La veille, au Palais de justice de Granby, son père Martin Swett avait été condamné à 10 ans de pénitencier pour de multiples agressions sexuelles commises sur sa fille, des actes étalés sur une décennie complète.
Cette condamnation venait aussi mettre un terme à un processus judiciaire entamé trois ans plus tôt par la mère de famille et femme d’affaires. «Les émotions étaient très fortes. La sentence de mon père était une grande victoire pour moi, et j’étais également récompensée sur le plan professionnel. Ce fut vraiment une belle soirée», confie-t-elle avec fierté.

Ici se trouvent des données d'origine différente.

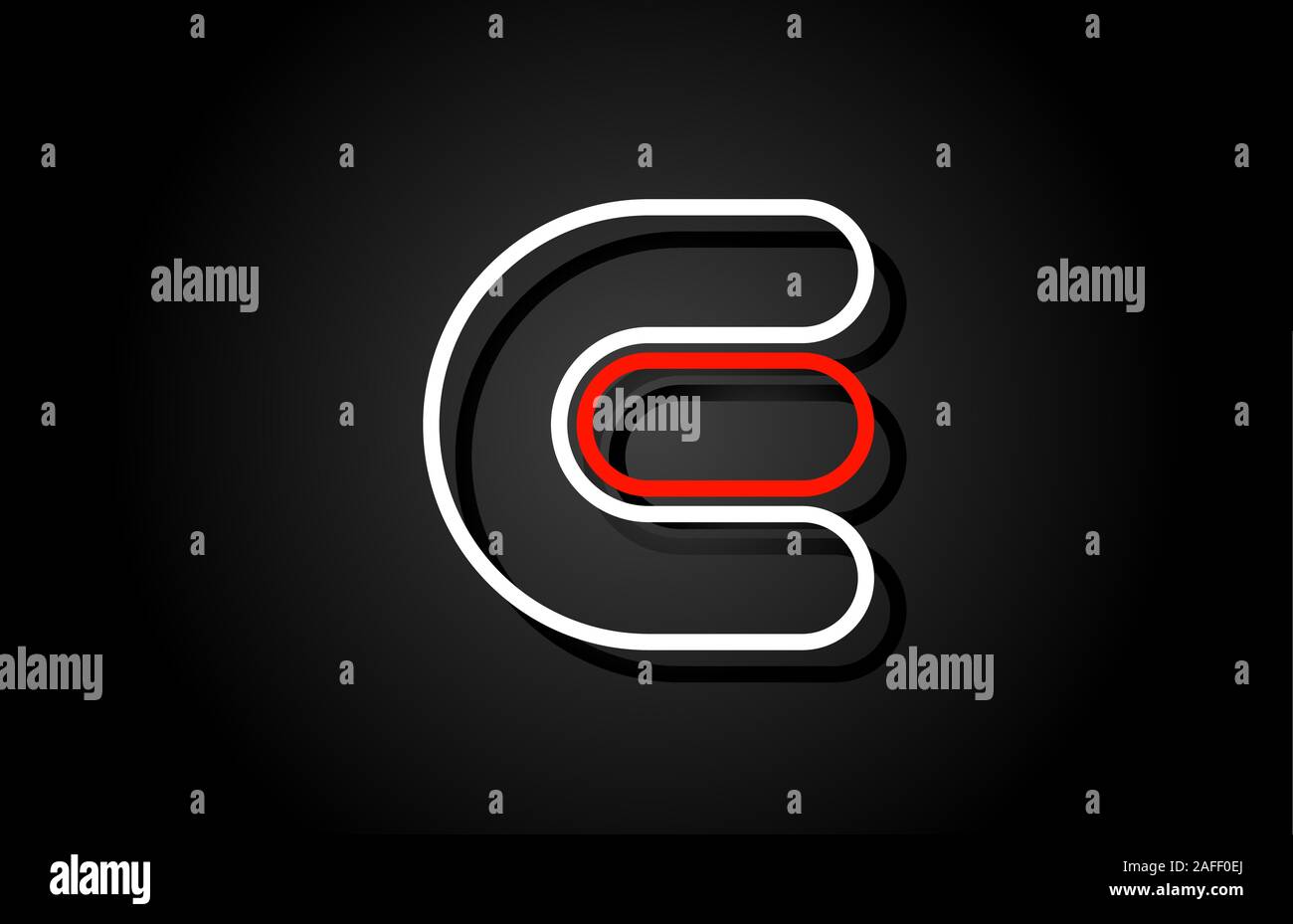 white red letter E alphabet logo design icon for company. Suitable as a ...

Armée de son sourire éclatant, de son énergie contagieuse et de son charisme, Sonia Swett multiplie les entrevues et les conférences depuis quelques mois, afin de faire connaître son histoire, et surtout «briser le silence».
Ce silence, elle l’a elle-même gardé durant tout le temps qu’ont duré les agressions et manœuvres contrôlantes de son père, de 10 à 20 ans, et ensuite jusqu’à l’âge de 31 ans. «Je me suis confiée à un de mes frères pour la première fois en 2011, parce que je craignais que des jeunes filles de mon entourage ne subissent la même chose que moi. Quand on a un doute, il ne faut jamais hésiter à signaler si l’on croit que quelqu’un est victime d’abus», lance celle qui habite maintenant à Sainte-Catherine-de-Hatley.
Une famille divisée
Même si l’annonce crée une onde de choc dans son entourage, Mme Swett va de l’avant et entame un processus judiciaire en 2014. Des proches lui tournent alors le dos. «Il y a des gens du côté de mon père qui ont pris son parti et qui ont décidé de ne plus me parler; pour eux, je ne fais plus partie de la famille. En contrepartie, j’ai reçu un support exceptionnel de plusieurs autres parents, de ma belle-famille, et surtout, de mon conjoint Kevin. Tout au long des démarches, il y avait toujours de nombreuses personnes pour me soutenir», se rappelle-t-elle avec gratitude.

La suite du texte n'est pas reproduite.